__Action item__
From the listing below, please restate exactly the lines beginning at the one with "Seine Acrylic Print" and ending at the one with "Westgate 6 ft", both included, and skip the pictures.

__Provided records__

┄┄┄┄┄┄┄┄┄┄┄┄┄┄┄┄┄┄┄┄

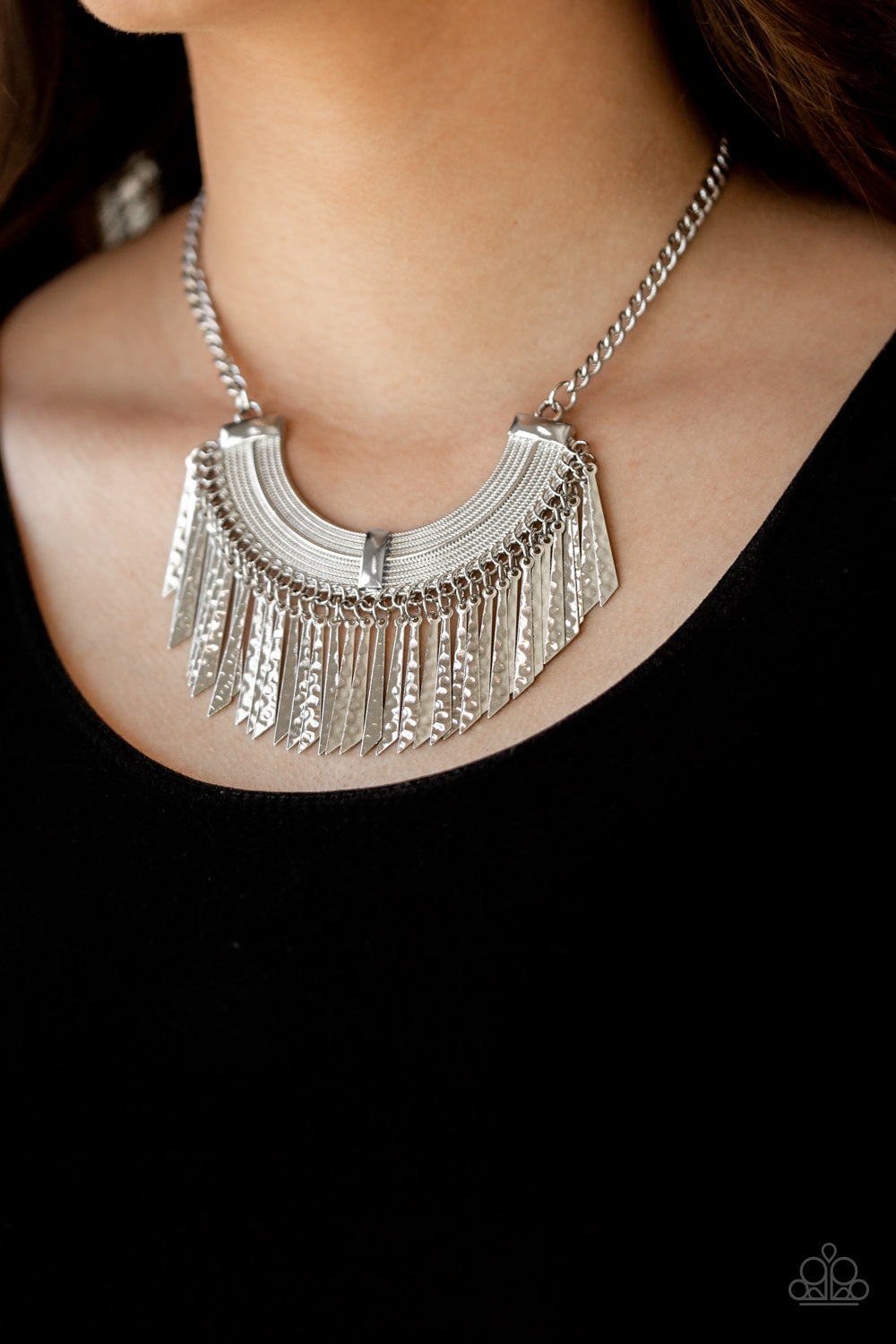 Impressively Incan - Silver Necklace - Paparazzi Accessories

┄┄┄┄┄┄┄┄┄┄┄┄┄┄┄┄┄┄┄┄

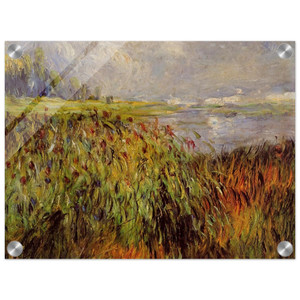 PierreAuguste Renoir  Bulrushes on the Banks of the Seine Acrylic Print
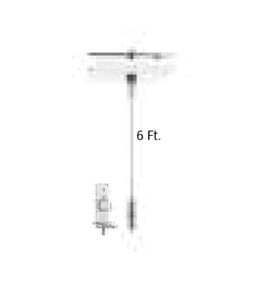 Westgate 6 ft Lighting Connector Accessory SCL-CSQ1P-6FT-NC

┄┄┄┄┄┄┄┄┄┄┄┄┄┄┄┄┄┄┄┄

__Output for this exercise__
 PierreAuguste Renoir  Bulrushes on the Banks of the Seine Acrylic Print
 Westgate 6 ft Lighting Connector Accessory SCL-CSQ1P-6FT-NC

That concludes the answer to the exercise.